Un día tomábamos algunos tragos cuando vimos que empezaron a llegar algunos vestidos de traje. Dijeron que pasaban a entibiar la piel pues se dirigían al baile al salón Bemex, ubicado en la calle Colón. “Viene Mariano Mercerón y la entrada es de riguroso traje”, dijeron. En ese momento apareció muy sonriente Goyo Estévez, detrás de él entró “El Quimiche” y más atrás Simón Lara; en ese entonces se hacían llamar “Trío San Martín”. Abrazando sus guitarras entonaron “Sin ti”, melodía que me inspiró el alma y, conforme ellos avanzaban en su canto, yo iba tarareando los lastimosos versos. Al terminar de cantar me le acerqué a Goyo y le pregunté: “¿Cuánto por una serenata?”. Animoso me contestó: “Sesenta pesos por tres canciones, pero para ti, que eres cuate, te cantamos cinco”. Acepté y nos dirigimos a casa de mi novia. Aún escucho las melodiosas voces bajo el amparo de la luna, una bonita manera de demostrar el amor a aquella muchachita que poco tiempo después aceptó ser mi esposa. Con ella compartí doce años de felicidad, dos hijos no es para menos, fue una vida de pareja que prematuramente opacó la maldita enfermedad e inevitablemente la muerte me la arrebató. De ese triste día han pasado treinta y nueve años de soledad.
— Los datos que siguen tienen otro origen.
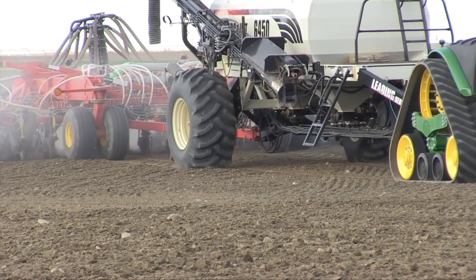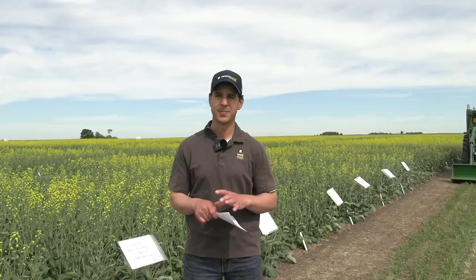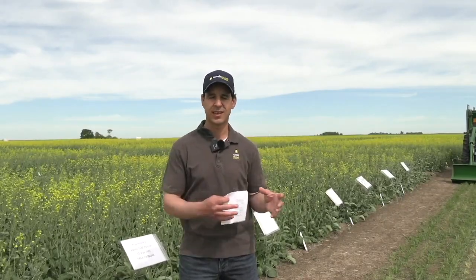Now let's talk about phosphorus placement. Why is phosphorus at seeding, in or near the seed row, important? In this trial, all phosphorus is seed-placed, capped at 25 pounds of P2O5 per acre — the maximum safe seed rate with canola. Canola requires more than 25 pounds of phosphorus to produce a crop depending on your yield target, so if we're not supplying it as fertilizer, it's drawing from the soil.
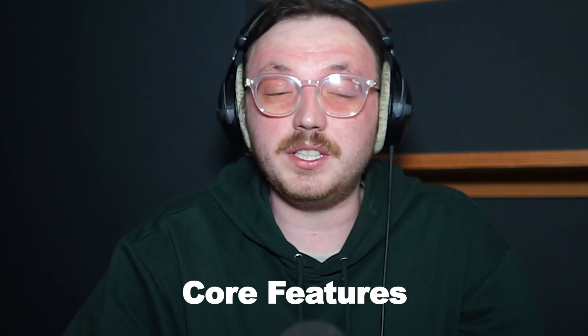Hi guys, Lewis here. Today I'm going to compare Smartsheet and Monday.com. Both of these platforms help you manage work and projects, but they take on very different approaches and are built for different kinds of teams. In this video, I'll cover their overall overviews, user interface, core features, pricing, support, and more, so that by the end of this video, you'll have a clear idea of which platform is the right choice for you.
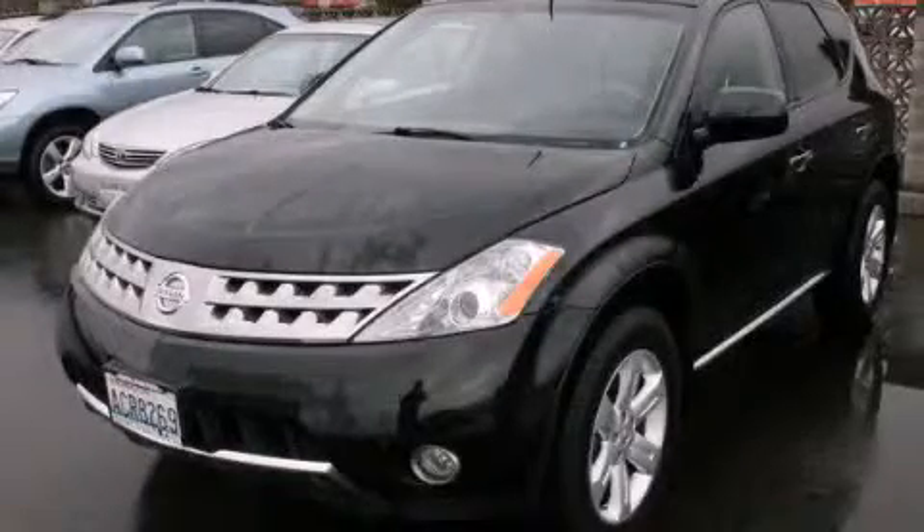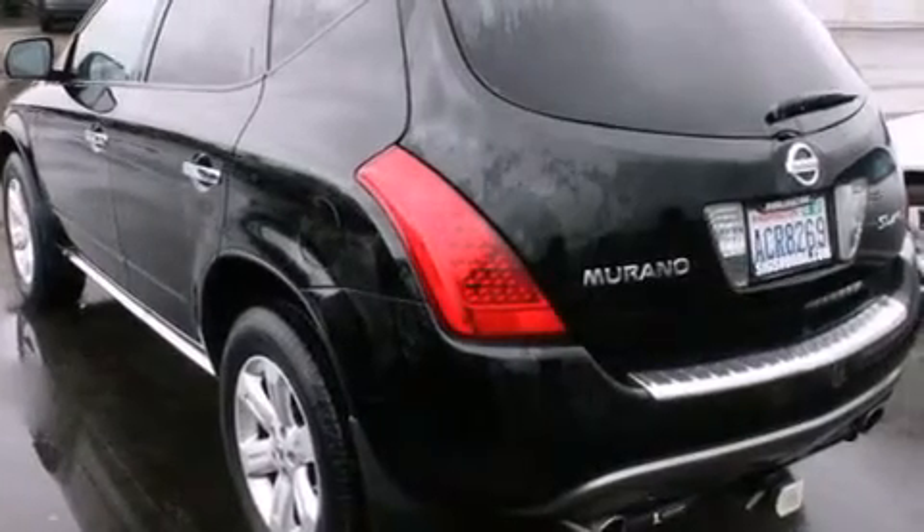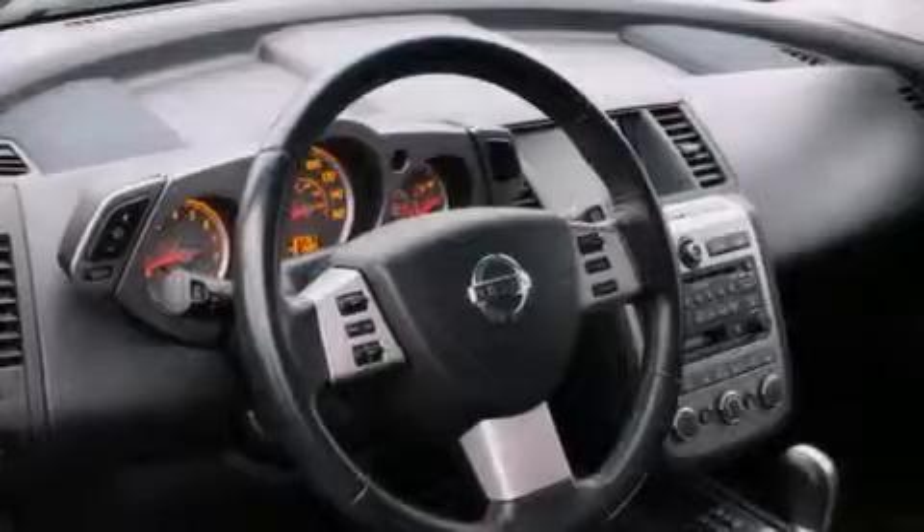This is a 2007 Nissan Murano. Plenty of space for what you need. It has a 3.5-liter six-cylinder engine, an automatic transmission, and all-wheel drive.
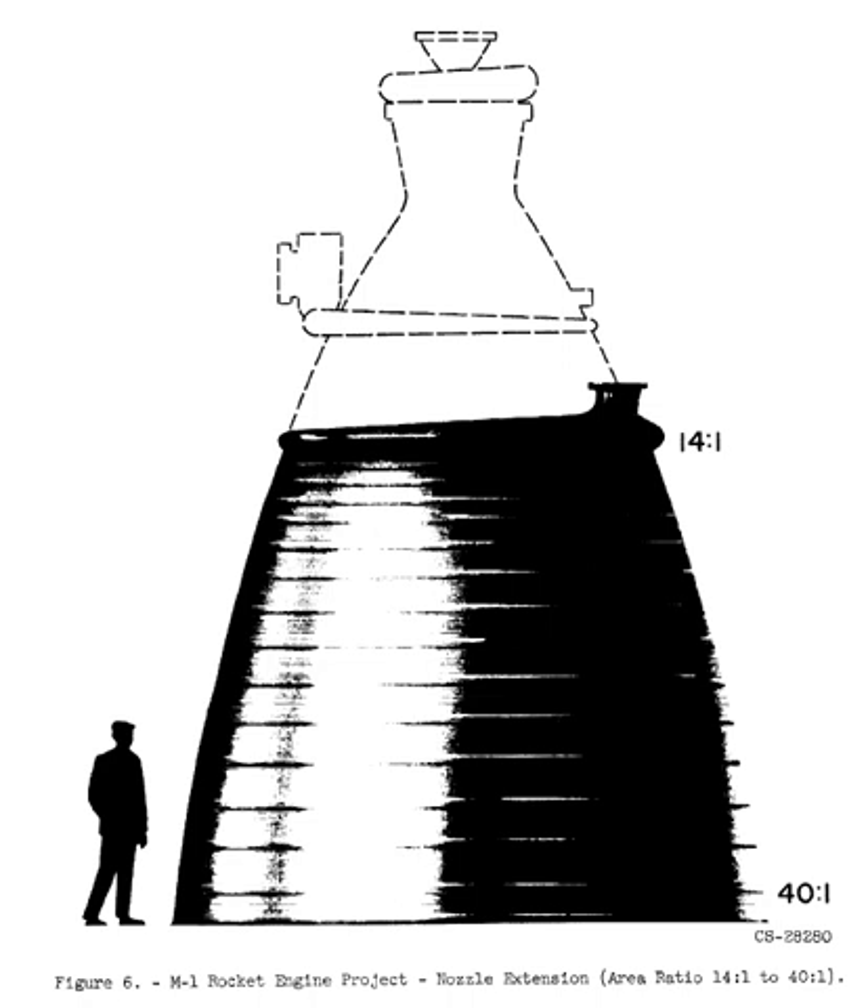Initially, the payload requirements were fairly limited, and the favored NOVA designs used a first stage with four F-1 engines and a payload of about 50,000 pounds. These designs were presented to President Dwight D. Eisenhower on January 27, 1959.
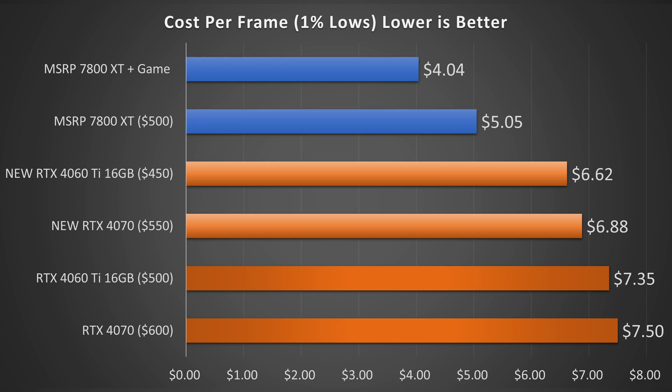Moving on to the new pricing — $550 and $450 for the 4070 and 16GB 4060 Ti respectively — we're still talking about 36 to 70% more per frame on the 4070 and 31 to 64% more per frame on the 16GB 4060 Ti on the 1% lows. In my opinion, that is just not good enough. Even if you really value stuff like frame generation, they're asking way too much for these cards, and there needs to be further price reductions of at least another $50.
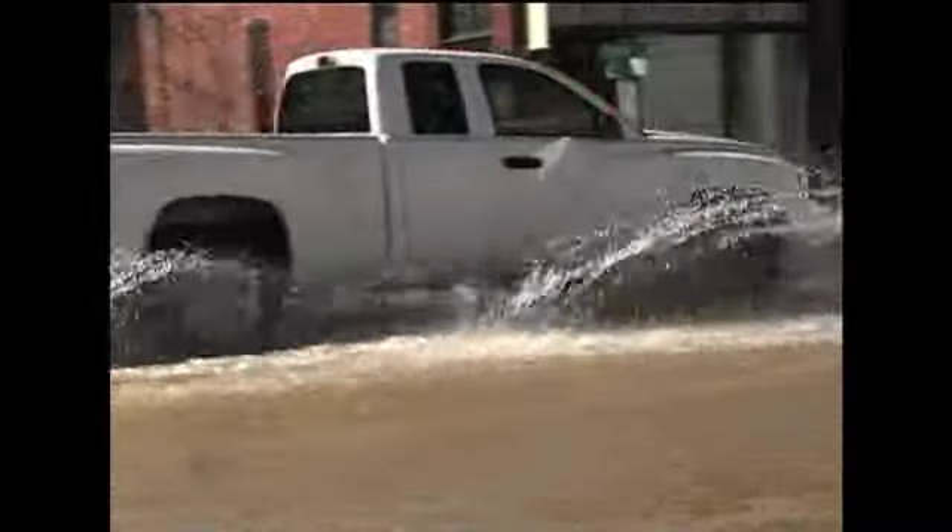As the water continues to flow, several intersections along Main Street are flooding too.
Comprendan que estas evocaciones me oprimen el alma y anudan la garganta. Les prometo que volveré en otra ocasión y les permitiré penetrar en la intimidad de mis sentimientos y juntos evocaremos al jefe Eufemio, quien, al igual que innumerables clientes, pasó a mejor vida. En los espacios de ese añejo inmueble vaga el recuerdo de los consumidores de licor, otros jugando billar y algunos más cuya única afición fue la de ser espectadores. ¡Hasta pronto!